Politics / Food Crisis Mar 11, 2011 - 09:35 AM GMT

By: Andrew_McKillop


Best Financial Markets Analysis ArticleThe Libyan food and refugee crisis is a dramatic reminder, and part of the world food crisis that is specially powerful and deep-rooted in the Arab world. Simply because of this, events are driven further and faster than many persons appreciate at first glance, and underline that world attention to the fundamental importance of food shortage must and will grow.

A soldier from the Libyan military's elite Khamis Brigade, led by Muammar Gaddafi's youngest
son Khamis, takes position in Harshan, Libya, Feb. 28. (AP)

On 8 March the UN announced that its flash aid appeal for funds to feed Libyans and refugees already exposed to severe shortage had started receiving donations, and the UN's food aid programme had swung into action, with first emergency food aid deliveries expected in Benghazi that day.

The United Nations has received approximately $22 million so far for the flash aid appeal it launched for people affected by the ongoing crisis in Libya, according to the latest U.N. figures.

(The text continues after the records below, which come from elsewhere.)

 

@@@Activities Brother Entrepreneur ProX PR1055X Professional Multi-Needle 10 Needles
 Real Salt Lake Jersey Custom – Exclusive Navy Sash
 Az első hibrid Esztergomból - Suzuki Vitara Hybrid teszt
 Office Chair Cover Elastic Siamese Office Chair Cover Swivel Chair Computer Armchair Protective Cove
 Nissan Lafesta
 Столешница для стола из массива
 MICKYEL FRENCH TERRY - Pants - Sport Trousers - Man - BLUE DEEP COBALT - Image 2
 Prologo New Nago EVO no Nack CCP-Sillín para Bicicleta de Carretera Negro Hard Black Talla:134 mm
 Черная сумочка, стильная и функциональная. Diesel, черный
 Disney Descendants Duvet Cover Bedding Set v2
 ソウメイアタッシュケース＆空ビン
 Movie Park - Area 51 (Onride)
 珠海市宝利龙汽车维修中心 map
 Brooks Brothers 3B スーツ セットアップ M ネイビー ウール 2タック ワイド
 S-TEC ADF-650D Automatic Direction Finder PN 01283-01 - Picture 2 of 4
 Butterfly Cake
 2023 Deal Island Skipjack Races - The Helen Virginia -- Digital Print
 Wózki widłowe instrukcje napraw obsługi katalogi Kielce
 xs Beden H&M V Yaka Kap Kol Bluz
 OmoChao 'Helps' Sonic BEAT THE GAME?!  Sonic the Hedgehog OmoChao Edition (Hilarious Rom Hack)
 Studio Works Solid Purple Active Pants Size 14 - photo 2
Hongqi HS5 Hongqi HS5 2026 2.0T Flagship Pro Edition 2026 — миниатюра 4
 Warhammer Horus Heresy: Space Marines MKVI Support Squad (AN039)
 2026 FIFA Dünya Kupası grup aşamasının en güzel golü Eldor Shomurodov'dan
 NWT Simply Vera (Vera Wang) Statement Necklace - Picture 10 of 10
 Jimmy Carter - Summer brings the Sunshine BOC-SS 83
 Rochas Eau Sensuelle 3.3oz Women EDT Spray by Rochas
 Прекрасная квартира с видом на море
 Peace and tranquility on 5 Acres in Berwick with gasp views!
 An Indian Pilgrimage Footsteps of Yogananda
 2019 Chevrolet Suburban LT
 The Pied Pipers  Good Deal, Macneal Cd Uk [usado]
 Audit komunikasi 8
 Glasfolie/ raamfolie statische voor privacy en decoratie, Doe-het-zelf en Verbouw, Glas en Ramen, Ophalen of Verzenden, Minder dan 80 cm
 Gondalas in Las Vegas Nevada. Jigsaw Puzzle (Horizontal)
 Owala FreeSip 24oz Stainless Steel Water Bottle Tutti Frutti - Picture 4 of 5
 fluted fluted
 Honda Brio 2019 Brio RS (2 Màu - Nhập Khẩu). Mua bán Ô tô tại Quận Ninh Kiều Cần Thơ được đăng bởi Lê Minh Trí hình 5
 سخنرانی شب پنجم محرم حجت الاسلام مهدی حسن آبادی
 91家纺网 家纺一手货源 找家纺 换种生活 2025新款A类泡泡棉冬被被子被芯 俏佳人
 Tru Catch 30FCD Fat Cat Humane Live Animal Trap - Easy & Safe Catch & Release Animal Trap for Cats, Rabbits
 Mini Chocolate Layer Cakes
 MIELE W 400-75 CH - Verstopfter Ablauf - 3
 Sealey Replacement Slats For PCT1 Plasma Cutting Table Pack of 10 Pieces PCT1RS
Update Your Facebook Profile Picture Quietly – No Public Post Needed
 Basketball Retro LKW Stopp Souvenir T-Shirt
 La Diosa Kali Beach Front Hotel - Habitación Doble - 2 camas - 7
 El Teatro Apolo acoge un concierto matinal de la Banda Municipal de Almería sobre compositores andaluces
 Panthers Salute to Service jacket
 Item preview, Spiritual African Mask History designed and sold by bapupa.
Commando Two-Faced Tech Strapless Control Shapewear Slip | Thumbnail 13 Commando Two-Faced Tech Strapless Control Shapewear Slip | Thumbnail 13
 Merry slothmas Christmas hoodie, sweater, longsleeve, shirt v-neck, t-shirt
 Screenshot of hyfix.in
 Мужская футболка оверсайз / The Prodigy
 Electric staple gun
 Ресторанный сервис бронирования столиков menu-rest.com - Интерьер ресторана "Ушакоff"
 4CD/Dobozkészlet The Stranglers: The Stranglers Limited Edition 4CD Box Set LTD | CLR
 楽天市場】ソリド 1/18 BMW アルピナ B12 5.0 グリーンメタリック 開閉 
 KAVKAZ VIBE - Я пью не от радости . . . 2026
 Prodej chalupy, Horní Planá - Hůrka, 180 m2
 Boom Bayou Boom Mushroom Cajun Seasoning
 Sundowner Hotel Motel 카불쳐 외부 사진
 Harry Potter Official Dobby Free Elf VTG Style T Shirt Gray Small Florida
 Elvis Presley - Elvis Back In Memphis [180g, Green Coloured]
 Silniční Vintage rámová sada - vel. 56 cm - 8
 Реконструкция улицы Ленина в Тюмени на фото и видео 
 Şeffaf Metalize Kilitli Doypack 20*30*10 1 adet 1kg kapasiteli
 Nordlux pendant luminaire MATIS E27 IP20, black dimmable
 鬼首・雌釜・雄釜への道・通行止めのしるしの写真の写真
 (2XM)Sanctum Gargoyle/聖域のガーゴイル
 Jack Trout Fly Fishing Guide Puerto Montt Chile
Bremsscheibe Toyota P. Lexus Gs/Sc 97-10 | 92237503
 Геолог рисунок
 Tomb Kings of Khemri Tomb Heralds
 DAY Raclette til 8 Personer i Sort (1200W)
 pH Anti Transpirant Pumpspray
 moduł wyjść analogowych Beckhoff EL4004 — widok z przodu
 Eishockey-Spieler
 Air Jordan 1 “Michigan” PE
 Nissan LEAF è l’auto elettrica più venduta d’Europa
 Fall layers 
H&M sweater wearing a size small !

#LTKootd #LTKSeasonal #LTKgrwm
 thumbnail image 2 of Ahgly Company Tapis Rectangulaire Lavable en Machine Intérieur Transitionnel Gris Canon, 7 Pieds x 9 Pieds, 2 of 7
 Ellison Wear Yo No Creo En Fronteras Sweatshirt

The U.N. is appealing for a total of $160 million, which it says will fund efforts of 17 U.N. agencies and aid organizations to support up to 400,000 people affected by the crisis in Libya over the next three months.

The World Food Programme was expected to reach Libya’s rebel-held port of Benghazi on Tuesday March 8 to distribute the first food aid in the Arab nation since the revolts broke out three weeks ago, Reuters reports.

To be sure, supporting an estimated 400 000 persons for around 3 months will need the combined effort of several UN technical agencies and specialist NGOs, not only the World Food Programme, due to the special intensity of Libyan breakdown in civil society, the economy, and infrastructures relied on in normal life. The ripple effect across North African Maghreb countries, and Europe from the refugee exodus and civil society breakdown is now building, fast, with Italy's foreign minister Franco Frattini announcing 23 February that Italy alone could be the first target country for up to 300 000 refugees from Libya and Tunisia. Other European countries including Spain, Greece, France and Germany are constantly raising their own estimates on the potential flood of refugees that could hit them.

This underscores a neglected factor in the flash mob revolution: its knock-on impact in countries that are totally dependent on food imports will be devastating unless civil society is rebuilt very fast.

The warning is clear and simple, but the cumulative impacts from heavy handed ideologically driven “hands-off” market liberal policies and notions, over decades, will not be turned around overnight. As we are now seeing, the food and refugee crisis is able to rapidly build from nothing to massive proportions in a few weeks, but solutions will be long-haul and will affect all sectors of the economy and society - especially in the Arab world.


Vast groups of stressed refugees fleeing into Tunisia are now a haunting image for Western leaderships and government friendly media who floated the comforting hope this was a crisis where “muddling through” can work. In the European case, the rarely reported collusion with Gaddafi's tyranny, to build and operate dozens of repressive Black migrant detention camps with systematic violation of human right was an example of the morality underlying Europe's market liberal leaderships. This was perhaps bolstered by the cozy idea that an oil-rich country, Libya, and its neighbor Tunisia with a world class luxury holiday resort industry could muddle through, even when their strong arm, repressive regimes were exposed for what they were. Egypt's distress is worse: up to 1.2 million Egyptians were likely resident in Libya, the vast majority of them low wage migrants forced out of their own country by joblessness and high food prices.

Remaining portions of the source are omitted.